● THE PROBLEM
Starting with the line below that holds "Ted Cruz Urges" and stopping after the line that holds "7792150 Elevation Tumbler", transcribe the lines exactly, leaving out all pictures.

● DATA PROVIDED
——

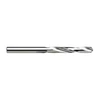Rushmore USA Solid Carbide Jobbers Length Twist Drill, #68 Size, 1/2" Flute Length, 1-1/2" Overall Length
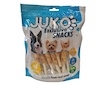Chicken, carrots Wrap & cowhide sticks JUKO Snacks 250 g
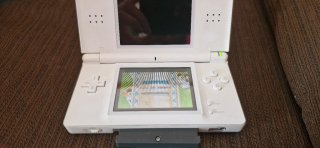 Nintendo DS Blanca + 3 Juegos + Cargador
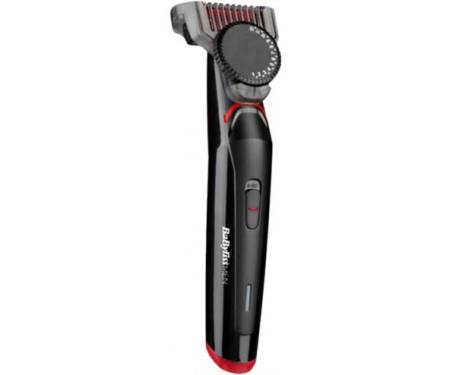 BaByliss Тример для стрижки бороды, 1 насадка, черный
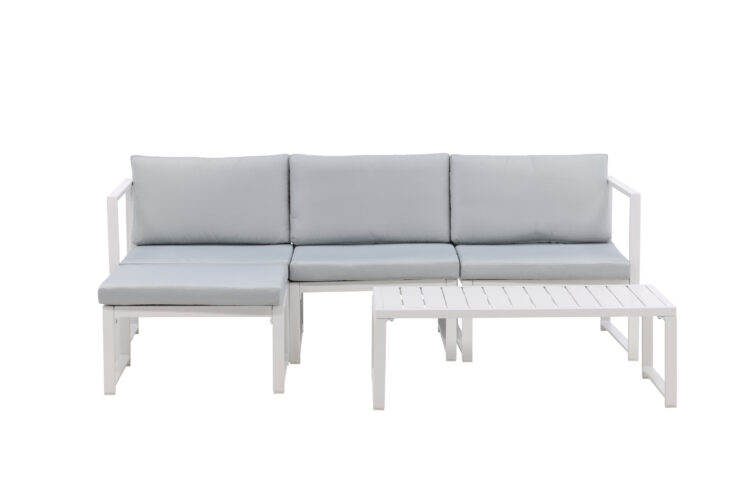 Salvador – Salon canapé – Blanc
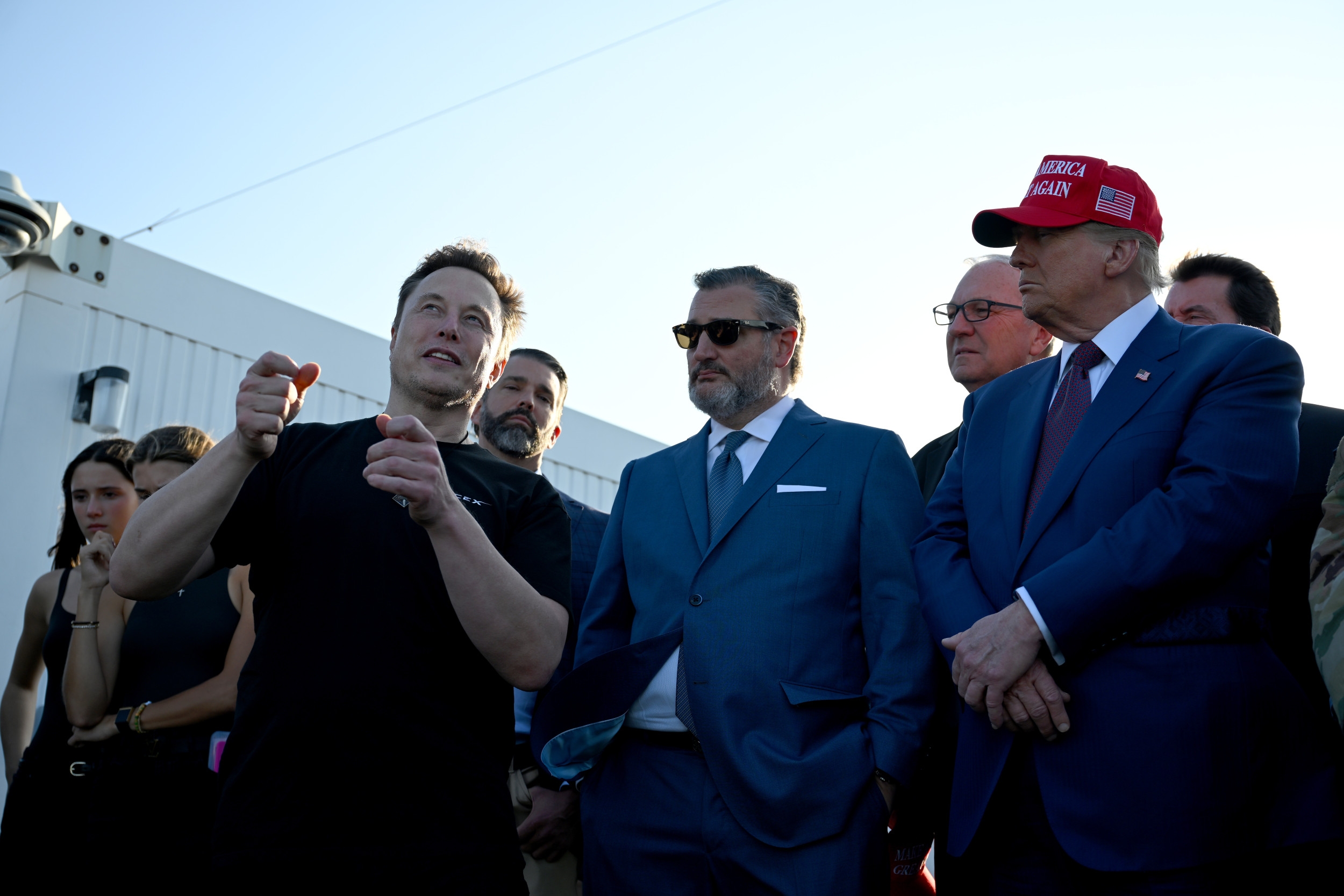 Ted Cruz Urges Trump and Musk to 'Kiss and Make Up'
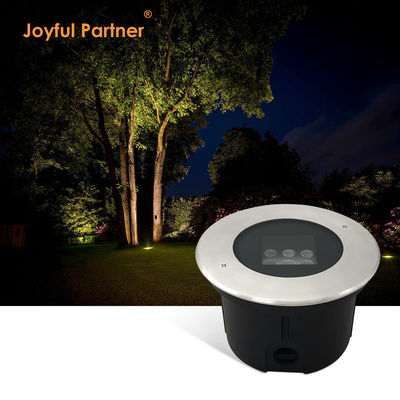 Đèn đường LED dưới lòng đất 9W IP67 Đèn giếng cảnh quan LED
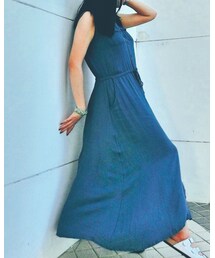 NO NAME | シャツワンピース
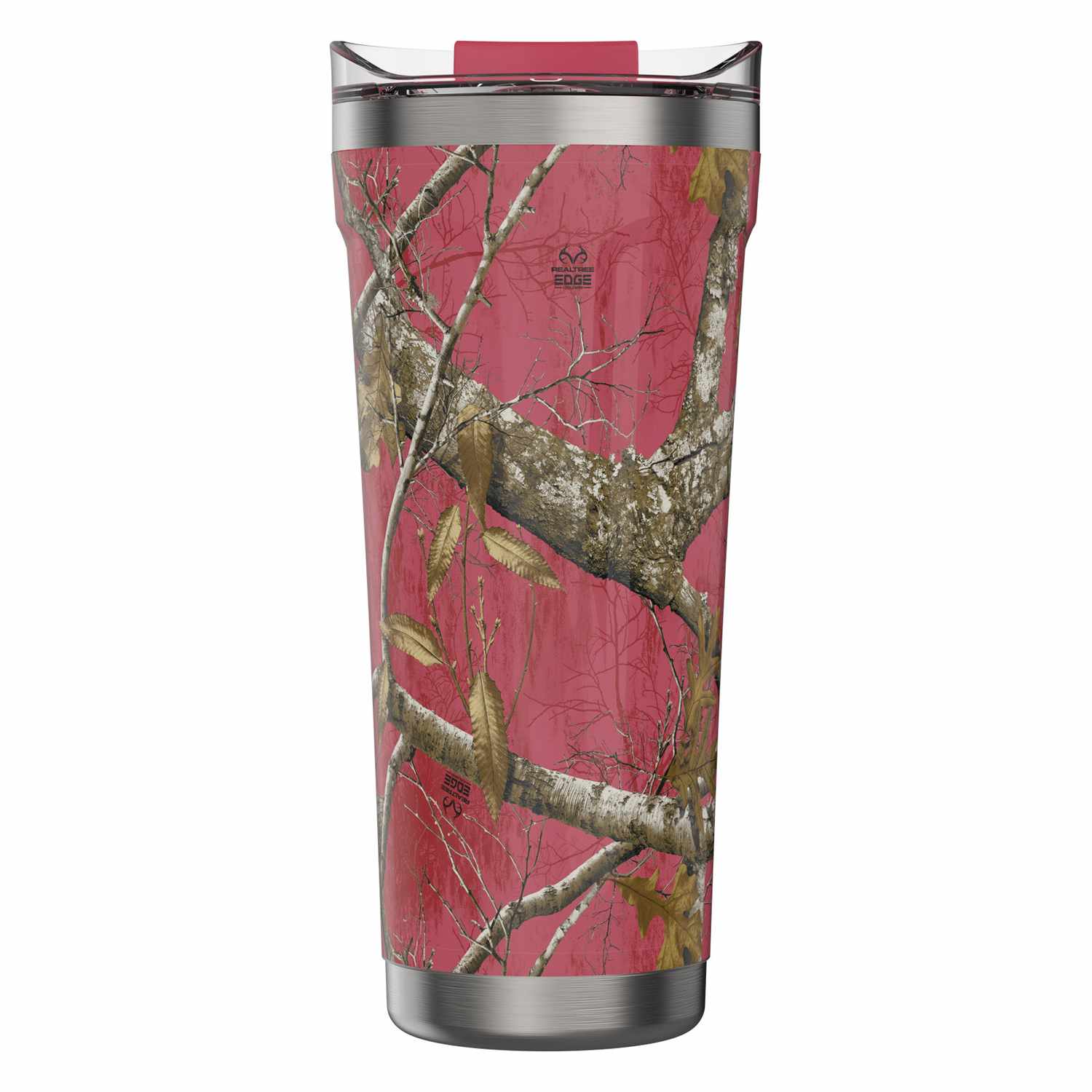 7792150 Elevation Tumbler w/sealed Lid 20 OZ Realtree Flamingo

——

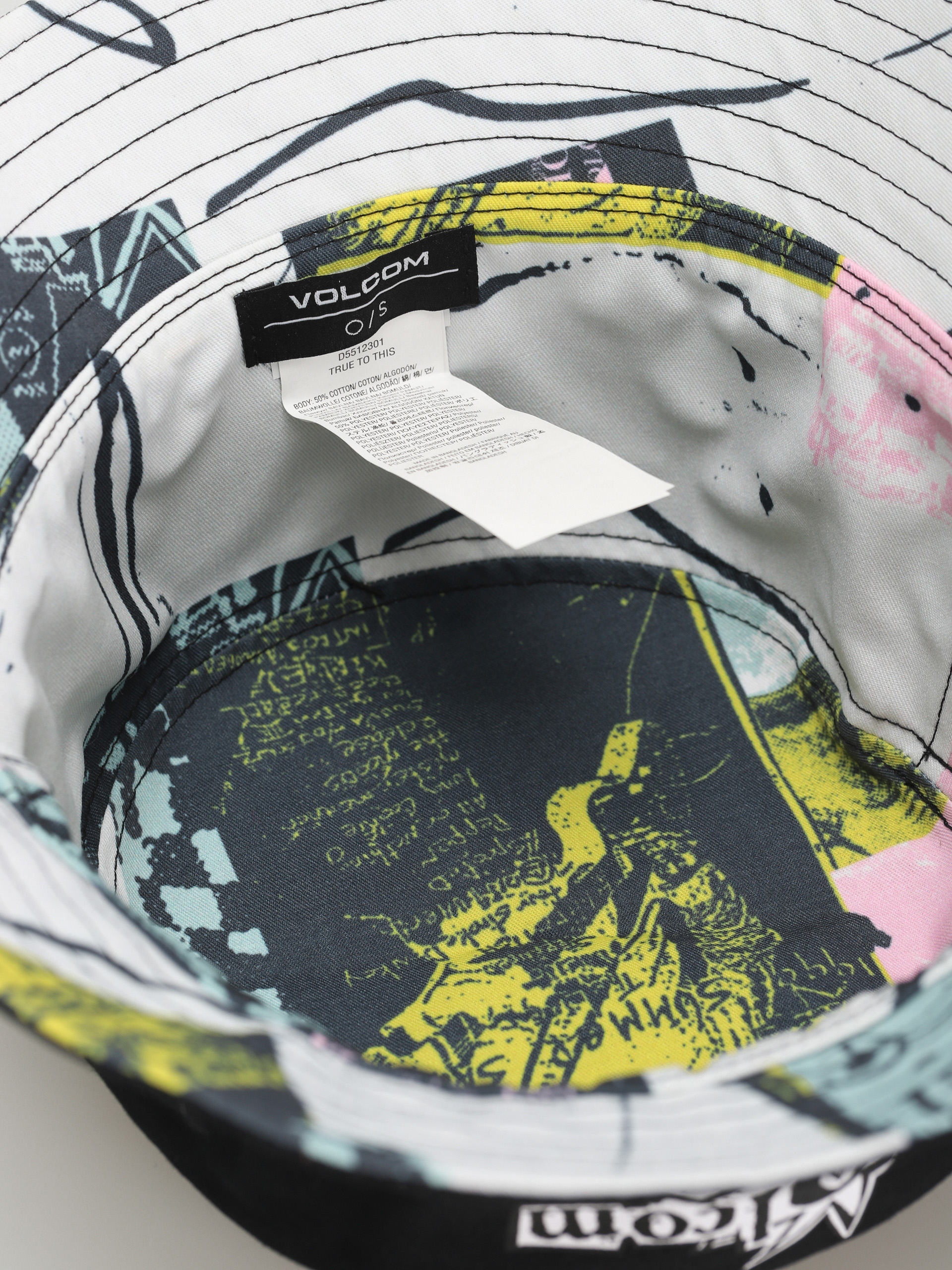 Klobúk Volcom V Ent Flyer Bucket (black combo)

——

● SOLUTION FOR THIS EXERCISE
 Ted Cruz Urges Trump and Musk to 'Kiss and Make Up'
 Đèn đường LED dưới lòng đất 9W IP67 Đèn giếng cảnh quan LED
 NO NAME | シャツワンピース
 7792150 Elevation Tumbler w/sealed Lid 20 OZ Realtree Flamingo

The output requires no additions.